All Seeds Are Not Equal: Enhancing Compositional Text-to-Image Generation with Reliable Random Seeds
Shuangqi Li, Hieu Le, Jingyi Xu, Mathieu Salzmann
TL;DR
This work reveals that initial random seeds significantly influence compositional text-to-image generation in diffusion models, causing variability in object counts and spatial relations. It introduces Comp90, a dataset for systematic seed analysis, and a seed-mining pipeline using CogVLM2 to identify reliable seeds, which are then used to generate self-generated data for fine-tuning. By restricting fine-tuning to the attention Q/K projections and training on self-generated data from top seeds, the authors achieve substantial gains in numerical and spatial composition (e.g., ~29.3% and ~60.7% improvements on Stable Diffusion for different tasks) and maintain image quality and diversity.
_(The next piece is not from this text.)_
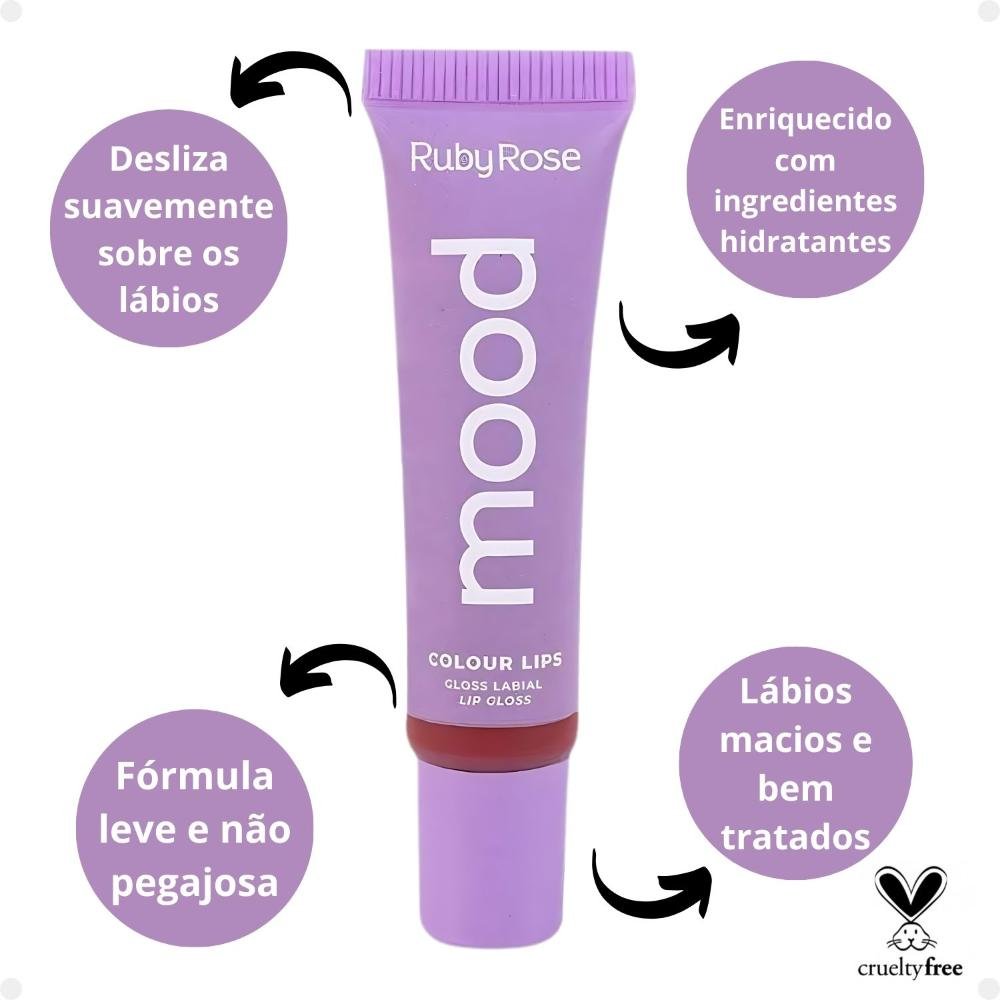 Gloss Labial Ruby Rose Mood Colour Lips Lively Hb-7201-2 Lively 2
The approach provides a practical, annotation-free path to enhance compositional capabilities across models like Stable Diffusion 2.1 and PixArt-α without requiring explicit layout inputs, with broad implications for reliable image synthesis in complex prompts.
Abstract
Text-to-image diffusion models have demonstrated remarkable capability in generating realistic images from arbitrary text prompts. However, they often produce inconsistent results for compositional prompts such as "two dogs" or "a penguin on the right of a bowl". Understanding these inconsistencies is crucial for reliable image generation. In this paper, we highlight the significant role of initial noise in these inconsistencies, where certain noise patterns are more reliable for compositional prompts than others. Our analyses reveal that different initial random seeds tend to guide the model to place objects in distinct image areas, potentially adhering to specific patterns of camera angles and image composition associated with the seed. To improve the model's compositional ability, we propose a method for mining these reliable cases, resulting in a curated training set of generated images without requiring any manual annotation. By fine-tuning text-to-image models on these generated images, we significantly enhance their compositional capabilities. For numerical composition, we observe relative increases of 29.3% and 19.5% for Stable Diffusion and PixArt-α, respectively. Spatial composition sees even larger gains, with 60.7% for Stable Diffusion and 21.1% for PixArt-α.